Plain English Summary
Background and study aims
Currently, labour is induced in at least a third of all pregnancies. This process can be lengthy in a woman who has never delivered a child before. Starting labour with a Foley balloon is suitable for these women as it can slowly lead to opening of the cervix. After placing and filling up the Foley balloon in the lower womb, these women are safely sent home as it does not cause labour pains and it is unlikely for them to deliver at home without the breaking of waters and a hormone drip to initiate labour pains. The aim of this study is to compare two different interventions after balloon catheter induction of labour in women who have not delivered a child before.
Who can participate?
Pregnant women who have not delivered a child before, aged 18 and over, who are carrying a single, live unborn child at or beyond 37 weeks of pregnancy and who are planned for induction of labour.
What does the study involve?
After sending them home with the Foley balloon in place, participants will be randomly assigned to two groups. The researchers are trying to study the approach when the Foley balloon slips out of the vagina and its effect on the labour duration (from breaking of waters to delivery) and mothers’ satisfaction with their birth process. Participants in Group A will be asked to return to the hospital the next morning and those in Group B will be asked to return immediately when the balloon drops. All participants will be asked to return immediately to the hospital if any of these happens at home: breaking of waters, bleeding from the vagina, pain or increased discomfort, decreased fetal movements, painful labour pains (two or more contractions in 10 minutes), fever (temperature 38°C or over) and inability to pass urine. When participants are admitted to the hospital as instructed, the cervical opening will be checked followed by the standard care provided by the hospital, which usually involves breaking the waters and starting a hormone drip to start labour pains.
What are the possible benefits and risks of participating?
Participants may or may not benefit from this study as it is not known if the above actions have a positive effect on the labour duration, but participants may be satisfied with their birthing process occurring at more safe hours (daytime). During the Foley balloon placement and filling, there may be some pain or discomfort and sometimes light vaginal bleed which settles. Rarely, there is difficulty in passing urine with the Foley balloon in place.

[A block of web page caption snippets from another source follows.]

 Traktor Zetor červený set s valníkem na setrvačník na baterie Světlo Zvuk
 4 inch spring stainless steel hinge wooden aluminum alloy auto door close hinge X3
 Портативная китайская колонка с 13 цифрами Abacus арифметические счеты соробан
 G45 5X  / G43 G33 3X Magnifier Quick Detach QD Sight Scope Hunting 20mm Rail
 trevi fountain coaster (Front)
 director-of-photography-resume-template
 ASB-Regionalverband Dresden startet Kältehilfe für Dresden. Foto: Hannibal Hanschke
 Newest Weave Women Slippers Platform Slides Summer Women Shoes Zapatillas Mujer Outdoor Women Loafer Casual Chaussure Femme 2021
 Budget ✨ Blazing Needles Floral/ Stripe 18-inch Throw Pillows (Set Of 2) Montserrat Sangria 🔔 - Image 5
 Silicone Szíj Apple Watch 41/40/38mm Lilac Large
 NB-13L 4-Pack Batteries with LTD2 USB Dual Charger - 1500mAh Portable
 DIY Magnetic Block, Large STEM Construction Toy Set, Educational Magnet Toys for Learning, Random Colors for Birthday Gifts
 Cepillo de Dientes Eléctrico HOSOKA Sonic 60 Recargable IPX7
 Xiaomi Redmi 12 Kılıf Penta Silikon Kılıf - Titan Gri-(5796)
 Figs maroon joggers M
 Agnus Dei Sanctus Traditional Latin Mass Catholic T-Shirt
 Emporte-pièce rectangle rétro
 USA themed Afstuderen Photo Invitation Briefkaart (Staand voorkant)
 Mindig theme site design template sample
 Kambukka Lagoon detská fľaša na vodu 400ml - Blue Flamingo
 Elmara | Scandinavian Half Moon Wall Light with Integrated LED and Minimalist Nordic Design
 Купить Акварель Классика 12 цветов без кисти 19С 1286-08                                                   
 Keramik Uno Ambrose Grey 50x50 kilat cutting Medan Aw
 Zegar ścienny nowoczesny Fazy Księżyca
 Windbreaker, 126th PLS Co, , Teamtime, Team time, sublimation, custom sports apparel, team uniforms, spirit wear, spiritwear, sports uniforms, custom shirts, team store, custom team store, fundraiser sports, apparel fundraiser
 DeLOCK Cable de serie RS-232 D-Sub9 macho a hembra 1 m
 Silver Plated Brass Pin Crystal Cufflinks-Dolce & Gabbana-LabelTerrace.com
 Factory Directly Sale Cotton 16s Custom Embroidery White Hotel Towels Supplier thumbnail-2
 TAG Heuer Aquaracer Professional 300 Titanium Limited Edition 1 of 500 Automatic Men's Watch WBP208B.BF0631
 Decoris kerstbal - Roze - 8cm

Where is the study run from?
University Malaya Medical Centre (UMMC) (Malaysia)
When is the study starting and how long is it expected to run for?
September 2020 to August 2021
Who is funding the study?
University Malaya Medical Centre (UMMC) (Malaysia)
Who is the main contact?
Dr Sreella Raghavan
Dr Sreella Raghavan
Lorong Sepat 3
Taman Teluk Pulai
Prof Tan Peng Chiong
A randomized controlled trial of two different regimens of outpatient Foley catheter induction of labour in nulliparous women
1. In the group that returns the following morning after Foley balloon expulsion, it is hypothesized that maternal satisfaction is improved on labour and delivery during daytime hours.
2. Duration of active labour, defined as amniotomy and oxytocin to delivery interval, would be non-inferior between the two groups; with a margin of 2 hours in the continued expectant management at home following balloon expulsion.
Approved 11/08/2020, Medical Research Ethics Committee, University Malaya Medical Centre (Lembah Pantai, 59100, Kuala Lumpur, Malaysia; +60 (0)379493209; email@example.com), ref: 2020621-8783
Randomized controlled trial
Primary study design
Secondary study design
Randomised controlled trial
Patient information sheet
Not available in web format, please use contact details to request a participant information sheet.
Outpatient Foley catheter induction of labour in nulliparous women
All nulliparous women planned for induction of labour by the care provider will be assessed for eligibility and will be counselled regarding this study in the clinic and antenatal ward setting. If the women agree to participate in the study, informed consent will be obtained, and the patient information sheet will be handed to them.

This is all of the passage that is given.